We developed this module to provide pivot table functionality for PySpark. The concept is very similar to that in the Pandas library - see http://pandas.pydata.org/pandas-docs/stable/generated/pandas.pivot_table.html. Data is often stored in CSV files or databases in so-called “stacked” or “record” format. For some analyses it's preferable for the columns and indices of a table to represent unique values rather than individual observations. Pivot tables allow you to reshape the data in this way, aggregating over individual observations using a variety of functions.
The simplest form of pivot table is a cross-tabulation, counting the number of observations matching the values of the index and column. This functionality is already available in the crosstab function in the pyspark.sql.DataFrame class Crosstab: https://spark.apache.org/docs/1.5.2/api/python/pyspark.sql.html#pyspark.sql.DataFrame. Crosstab computes a pair-wise frequency (contingency) table of the given columns.
This module allows for the added aggregation functions of average (mean), max, min and sum.
-
Spark and PySpark need to be installed and on your path.
-
Pandas if you want to run the examples
You will also need to have a Spark context and SQL context running.
-
Download the zip and extract contents
-
Either run your jobs from this directory, set this on your PYTHONPATH, or copy the module to somewhere already on your PYTHONPATH
Generate a pivot table for an edited version of the Iris data set, which has an extra randomised colour variable.
>>> # see the inline help
>>> import pysparkpivot
>>> help(pysparkpivot)
>>> # Loading a small csv into spark and then pivoting it
>>> import pandas as pd
>>> pandas_df = pd.read_csv('./examples/iris.csv')
>>> spark_df = sqlContext.createDataFrame(pandas_df)
>>> from pysparkpivot import PivotTableFactory
>>> piv = PivotTableFactory(spark_df, sqlContext)

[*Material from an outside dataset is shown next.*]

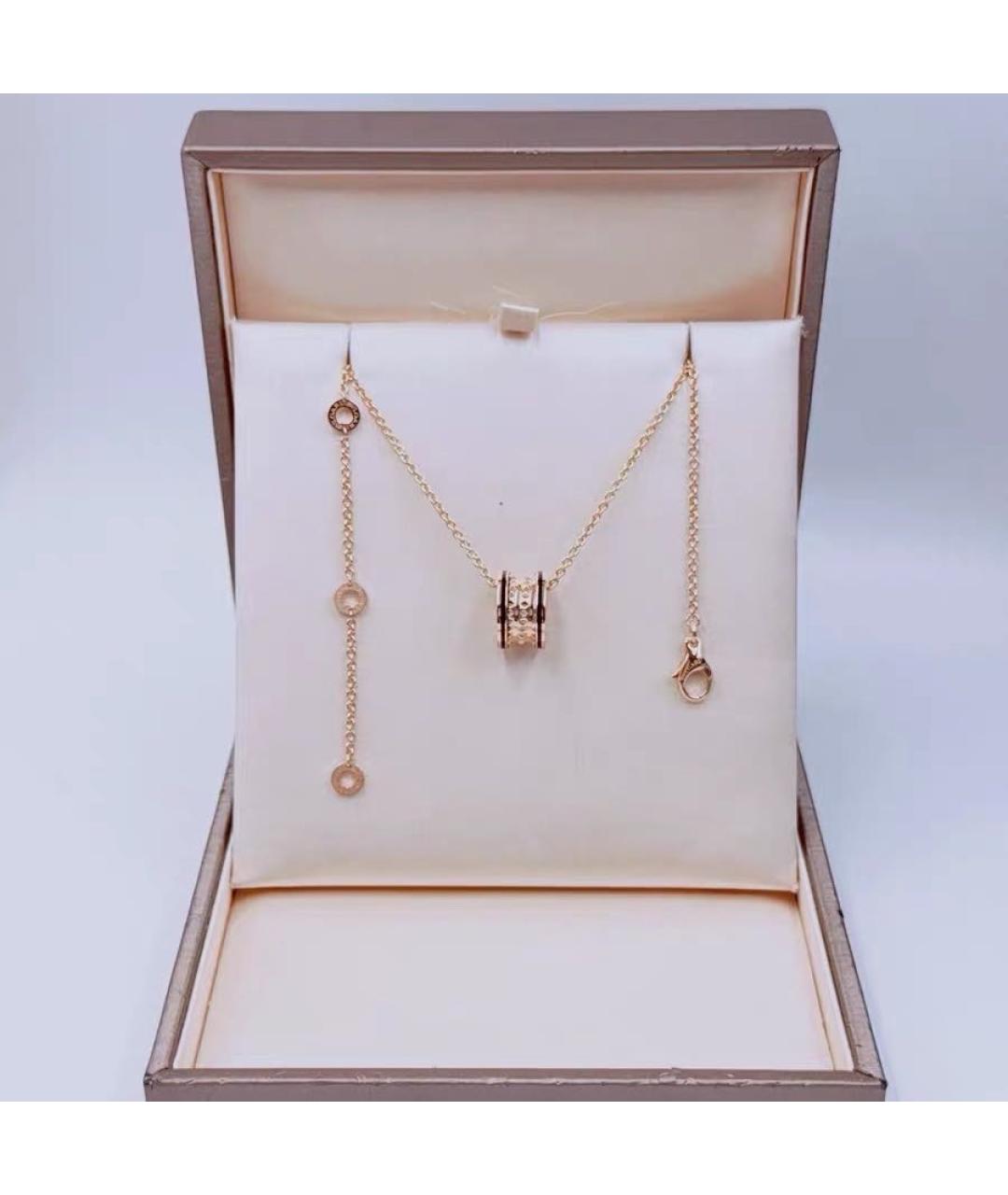 BVLGARI Розовое колье из розового золота, фото 3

>>> pivot_table = piv.create(index=['Target'], columns=['Colour'],
... values=['SepLength'], aggregates=['AVG'])
>>> pivot_table.show()
Also see the Jupyter notebook "Pivot-demo" in the examples folder
Our plan is to make this into a Spark package so that it can be imported into Spark directly. We would ideally like to add further aggregation functions such as median. Pull requests welcome.